Watching the media, I too have been troubled by the darkening tone towards any fundamental change in healthcare. I have been worried that we may have a whole lot of reform and not a lot of change. Perhaps, however, my bus companion is right; maybe we now have a rallying point. I sometimes find myself mired in doubt. Don’t Americans want fairness, equity, a just society? I sometimes wonder if I am just deluded about what Americans want. Listening to the vitriol, I wonder if I just live in some insulated pocket and am out of touch with what people really think. And then I ride the bus, and I get to hear that I am not alone.

I am ambivalent towards Ted Kennedy as a person. As a member of a younger generation, I have never felt a personal connection to the Kennedy mystique, as heretical as that sounds. But we are all human, and it’s our choices which define us. And, in his final days, as I knew he was dying, his commitment to equity and justice moved me. He called healthcare reform, “the cause of my life.” Instead of summarizing his mission, I will let the man speak for himself,

Finally, we cannot have a fair prosperity in isolation from a fair society. So I
will continue to stand for a national health insurance. We must not surrender.
We must not surrender to the relentless medical inflation that can
bankrupt almost anyone and that may soon break the budgets of government at
every level. Let us insist on real controls over what doctors and hospitals can
charge, and let us resolve that the state of a family’s health shall never
depend on the size of a family’s wealth.

I would direct anyone who has felt downhearted at the recent turn-of-events to go to this site: Doctors for America and read some of the moving comments from physicians around this country. I think we do have an obligation to speak up and speak out. I hope that we can learn from his deeply personal commitment to justice and fairness and continue to push for real change. The hard work is still ahead, and though we are now one voice short, I too am dedicated to these ideals. It is good to know that I am not alone, not on the bus, not in my office, not in my country. It’s good to know.

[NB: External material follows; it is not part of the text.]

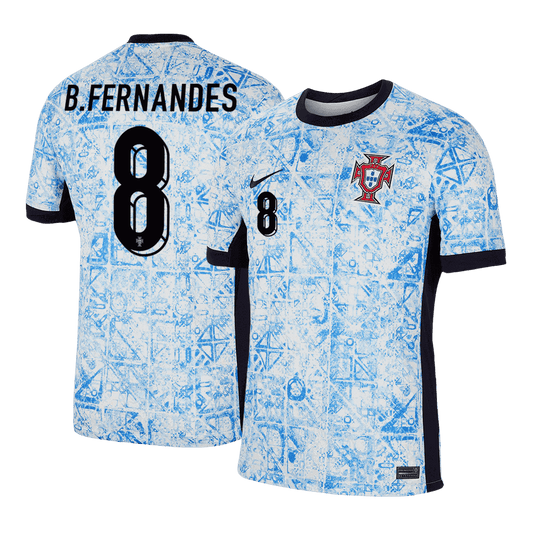 B.FERNANDES #8 Portugal Camisola de Futebol Fora Camisola Personalizada 2025/26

Ted Kennedy was a masterful negotiator and understood the importance of compromise, but never let political maneuvering interfere with his primary goal. He said that his greatest regret as a Legislator was turning down President Nixon’s offer for a universal health plan. The most meaningful tribute we can make to Senator Kennedy, and to all of those who have carried the standard of health care reform, is to continue the hard work and the good fight. To listen to the concerns of older citizens who worry about losing coverage, those who are concerned with rationing and death panels, and speak to them honestly and plainly, and appeal to the common sense and decency that I believe still lives in the hearts and homes of America.